Exercise objective: Take the records below from their first line to the line with "15D14N Ultra Luxury", and restate those lines word for word.

Short descriptive text snippets:
━━━━━━━━
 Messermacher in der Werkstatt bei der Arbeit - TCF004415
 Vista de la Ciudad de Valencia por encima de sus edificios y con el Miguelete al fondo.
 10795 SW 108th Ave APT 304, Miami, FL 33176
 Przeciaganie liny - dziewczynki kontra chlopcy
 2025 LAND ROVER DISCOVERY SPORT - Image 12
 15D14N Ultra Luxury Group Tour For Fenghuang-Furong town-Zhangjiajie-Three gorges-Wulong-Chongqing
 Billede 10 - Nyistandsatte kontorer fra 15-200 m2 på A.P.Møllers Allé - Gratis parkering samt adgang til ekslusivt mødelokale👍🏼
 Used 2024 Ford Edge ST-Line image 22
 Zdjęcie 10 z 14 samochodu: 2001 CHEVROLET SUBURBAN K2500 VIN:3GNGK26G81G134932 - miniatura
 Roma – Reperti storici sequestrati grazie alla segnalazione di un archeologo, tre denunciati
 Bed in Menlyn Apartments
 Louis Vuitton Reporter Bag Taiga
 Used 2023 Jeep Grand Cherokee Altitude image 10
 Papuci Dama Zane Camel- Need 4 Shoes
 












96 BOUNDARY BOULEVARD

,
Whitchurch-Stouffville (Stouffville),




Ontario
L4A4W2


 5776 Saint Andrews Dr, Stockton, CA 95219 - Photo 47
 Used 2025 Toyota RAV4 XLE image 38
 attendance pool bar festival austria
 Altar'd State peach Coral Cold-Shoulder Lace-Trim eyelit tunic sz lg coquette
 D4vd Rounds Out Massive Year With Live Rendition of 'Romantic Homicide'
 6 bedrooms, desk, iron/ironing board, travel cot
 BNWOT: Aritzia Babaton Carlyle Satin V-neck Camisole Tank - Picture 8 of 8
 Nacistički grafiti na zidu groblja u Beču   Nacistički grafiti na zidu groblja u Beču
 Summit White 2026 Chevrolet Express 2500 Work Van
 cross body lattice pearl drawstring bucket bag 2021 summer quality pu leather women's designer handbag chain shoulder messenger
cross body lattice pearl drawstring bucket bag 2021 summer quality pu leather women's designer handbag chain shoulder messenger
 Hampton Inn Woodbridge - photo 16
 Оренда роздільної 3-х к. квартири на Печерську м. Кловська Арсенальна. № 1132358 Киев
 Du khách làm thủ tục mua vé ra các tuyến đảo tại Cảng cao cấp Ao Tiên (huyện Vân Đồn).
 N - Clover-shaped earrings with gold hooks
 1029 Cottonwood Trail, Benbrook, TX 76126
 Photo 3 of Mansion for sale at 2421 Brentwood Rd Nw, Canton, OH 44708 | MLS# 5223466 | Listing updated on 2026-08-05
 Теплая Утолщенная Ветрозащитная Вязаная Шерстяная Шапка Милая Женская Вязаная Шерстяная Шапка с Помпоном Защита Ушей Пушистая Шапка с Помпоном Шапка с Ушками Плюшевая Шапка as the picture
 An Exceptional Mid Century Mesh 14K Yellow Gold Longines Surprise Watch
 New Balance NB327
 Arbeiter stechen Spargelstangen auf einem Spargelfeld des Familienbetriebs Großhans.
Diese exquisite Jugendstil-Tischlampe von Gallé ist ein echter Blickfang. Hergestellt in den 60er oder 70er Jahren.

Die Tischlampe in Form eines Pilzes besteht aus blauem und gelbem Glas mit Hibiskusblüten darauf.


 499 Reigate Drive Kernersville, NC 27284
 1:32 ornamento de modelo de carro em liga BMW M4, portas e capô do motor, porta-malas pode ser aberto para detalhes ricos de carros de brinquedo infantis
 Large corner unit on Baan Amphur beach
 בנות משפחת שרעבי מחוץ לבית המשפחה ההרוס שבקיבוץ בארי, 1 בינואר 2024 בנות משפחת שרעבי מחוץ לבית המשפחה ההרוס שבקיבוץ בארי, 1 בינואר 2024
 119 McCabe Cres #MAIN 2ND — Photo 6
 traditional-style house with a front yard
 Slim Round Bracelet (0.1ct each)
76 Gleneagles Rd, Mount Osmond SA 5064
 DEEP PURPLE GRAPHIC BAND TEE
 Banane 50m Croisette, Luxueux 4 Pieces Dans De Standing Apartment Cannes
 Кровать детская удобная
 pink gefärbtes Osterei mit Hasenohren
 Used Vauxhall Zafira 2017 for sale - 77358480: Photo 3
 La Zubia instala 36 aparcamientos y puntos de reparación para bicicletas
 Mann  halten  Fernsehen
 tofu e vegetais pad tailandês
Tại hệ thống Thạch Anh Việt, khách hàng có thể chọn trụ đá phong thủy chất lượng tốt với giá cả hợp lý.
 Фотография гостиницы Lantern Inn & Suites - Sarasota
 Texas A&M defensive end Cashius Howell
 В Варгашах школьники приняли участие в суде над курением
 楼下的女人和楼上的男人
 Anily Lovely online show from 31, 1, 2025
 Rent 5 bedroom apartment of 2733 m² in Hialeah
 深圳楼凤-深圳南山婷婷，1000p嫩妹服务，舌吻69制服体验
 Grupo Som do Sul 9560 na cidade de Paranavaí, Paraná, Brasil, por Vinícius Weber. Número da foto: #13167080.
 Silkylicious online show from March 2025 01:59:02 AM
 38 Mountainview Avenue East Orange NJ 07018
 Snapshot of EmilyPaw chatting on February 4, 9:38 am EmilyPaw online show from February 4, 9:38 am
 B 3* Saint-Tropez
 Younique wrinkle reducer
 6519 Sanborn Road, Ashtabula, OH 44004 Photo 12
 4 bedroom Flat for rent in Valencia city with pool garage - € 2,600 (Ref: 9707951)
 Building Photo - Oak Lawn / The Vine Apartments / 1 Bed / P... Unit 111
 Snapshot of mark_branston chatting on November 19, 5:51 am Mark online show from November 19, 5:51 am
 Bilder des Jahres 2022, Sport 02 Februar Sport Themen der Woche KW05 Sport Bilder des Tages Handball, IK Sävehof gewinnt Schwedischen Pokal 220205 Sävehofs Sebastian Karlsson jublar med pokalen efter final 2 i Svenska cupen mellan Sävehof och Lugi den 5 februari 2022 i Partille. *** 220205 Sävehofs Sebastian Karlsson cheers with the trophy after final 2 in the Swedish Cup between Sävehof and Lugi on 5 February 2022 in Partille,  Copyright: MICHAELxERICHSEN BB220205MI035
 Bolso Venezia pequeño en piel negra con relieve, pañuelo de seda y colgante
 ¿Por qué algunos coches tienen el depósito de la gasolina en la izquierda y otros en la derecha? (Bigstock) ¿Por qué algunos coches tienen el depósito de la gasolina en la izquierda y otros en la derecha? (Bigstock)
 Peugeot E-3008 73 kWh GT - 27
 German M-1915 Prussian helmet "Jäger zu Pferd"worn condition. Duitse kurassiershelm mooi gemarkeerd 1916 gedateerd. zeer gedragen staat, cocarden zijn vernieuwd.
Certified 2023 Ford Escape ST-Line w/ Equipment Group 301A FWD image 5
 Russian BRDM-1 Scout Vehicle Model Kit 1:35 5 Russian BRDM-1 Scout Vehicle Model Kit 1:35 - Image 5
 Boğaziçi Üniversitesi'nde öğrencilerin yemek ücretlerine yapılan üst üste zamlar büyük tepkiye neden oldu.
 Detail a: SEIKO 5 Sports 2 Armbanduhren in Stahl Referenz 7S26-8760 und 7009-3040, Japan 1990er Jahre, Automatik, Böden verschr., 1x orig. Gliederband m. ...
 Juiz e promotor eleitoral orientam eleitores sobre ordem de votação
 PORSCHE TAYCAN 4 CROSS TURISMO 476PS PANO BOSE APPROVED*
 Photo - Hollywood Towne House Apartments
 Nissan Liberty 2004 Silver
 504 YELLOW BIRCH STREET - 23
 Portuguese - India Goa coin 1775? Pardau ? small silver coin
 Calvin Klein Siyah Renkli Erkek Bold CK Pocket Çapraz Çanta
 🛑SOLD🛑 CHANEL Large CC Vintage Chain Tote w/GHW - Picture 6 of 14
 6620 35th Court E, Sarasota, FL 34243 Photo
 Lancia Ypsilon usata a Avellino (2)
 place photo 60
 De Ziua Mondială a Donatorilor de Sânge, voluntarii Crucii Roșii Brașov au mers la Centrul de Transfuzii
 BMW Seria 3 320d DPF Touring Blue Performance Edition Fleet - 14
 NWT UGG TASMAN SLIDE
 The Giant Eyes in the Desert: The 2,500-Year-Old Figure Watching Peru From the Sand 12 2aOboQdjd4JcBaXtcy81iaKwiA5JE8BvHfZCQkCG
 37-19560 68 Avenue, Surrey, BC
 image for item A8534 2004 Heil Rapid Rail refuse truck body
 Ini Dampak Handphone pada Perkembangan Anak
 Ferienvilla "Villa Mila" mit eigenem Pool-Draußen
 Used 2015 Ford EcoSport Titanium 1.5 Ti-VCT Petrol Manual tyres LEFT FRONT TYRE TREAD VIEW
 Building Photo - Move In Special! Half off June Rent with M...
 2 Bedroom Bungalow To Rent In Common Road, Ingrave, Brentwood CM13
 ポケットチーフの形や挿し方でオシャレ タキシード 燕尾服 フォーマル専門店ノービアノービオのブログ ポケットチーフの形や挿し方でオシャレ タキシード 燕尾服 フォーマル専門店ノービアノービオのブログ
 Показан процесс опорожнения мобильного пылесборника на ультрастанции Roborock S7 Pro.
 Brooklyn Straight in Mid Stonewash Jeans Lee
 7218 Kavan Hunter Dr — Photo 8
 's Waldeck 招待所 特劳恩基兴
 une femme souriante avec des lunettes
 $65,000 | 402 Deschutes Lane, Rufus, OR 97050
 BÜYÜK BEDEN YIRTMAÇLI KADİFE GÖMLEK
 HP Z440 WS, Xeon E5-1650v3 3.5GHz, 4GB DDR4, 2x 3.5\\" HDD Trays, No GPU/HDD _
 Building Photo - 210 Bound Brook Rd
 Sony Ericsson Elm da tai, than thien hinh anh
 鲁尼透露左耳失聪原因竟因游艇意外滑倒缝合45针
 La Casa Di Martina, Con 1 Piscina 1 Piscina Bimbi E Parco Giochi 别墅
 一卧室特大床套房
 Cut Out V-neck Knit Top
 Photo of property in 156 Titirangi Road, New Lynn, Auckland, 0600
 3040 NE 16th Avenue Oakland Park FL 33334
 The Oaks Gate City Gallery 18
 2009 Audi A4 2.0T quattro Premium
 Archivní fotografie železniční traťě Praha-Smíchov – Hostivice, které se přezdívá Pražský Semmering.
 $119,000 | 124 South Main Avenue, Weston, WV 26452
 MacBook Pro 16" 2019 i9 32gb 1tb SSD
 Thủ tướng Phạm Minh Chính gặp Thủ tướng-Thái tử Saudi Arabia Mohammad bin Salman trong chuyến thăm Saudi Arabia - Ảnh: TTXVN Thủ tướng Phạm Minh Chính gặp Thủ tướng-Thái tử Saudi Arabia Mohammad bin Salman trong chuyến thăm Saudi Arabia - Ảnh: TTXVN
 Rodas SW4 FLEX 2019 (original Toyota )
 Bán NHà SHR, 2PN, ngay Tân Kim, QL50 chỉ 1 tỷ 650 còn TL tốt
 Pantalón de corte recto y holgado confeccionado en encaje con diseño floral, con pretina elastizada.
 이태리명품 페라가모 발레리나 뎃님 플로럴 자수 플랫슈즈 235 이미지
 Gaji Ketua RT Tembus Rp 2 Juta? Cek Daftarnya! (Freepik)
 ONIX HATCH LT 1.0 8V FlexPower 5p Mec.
━━━━━━━━
Solution for this task:
 Messermacher in der Werkstatt bei der Arbeit - TCF004415
 Vista de la Ciudad de Valencia por encima de sus edificios y con el Miguelete al fondo.
 10795 SW 108th Ave APT 304, Miami, FL 33176
 Przeciaganie liny - dziewczynki kontra chlopcy
 2025 LAND ROVER DISCOVERY SPORT - Image 12
 15D14N Ultra Luxury Group Tour For Fenghuang-Furong town-Zhangjiajie-Three gorges-Wulong-Chongqing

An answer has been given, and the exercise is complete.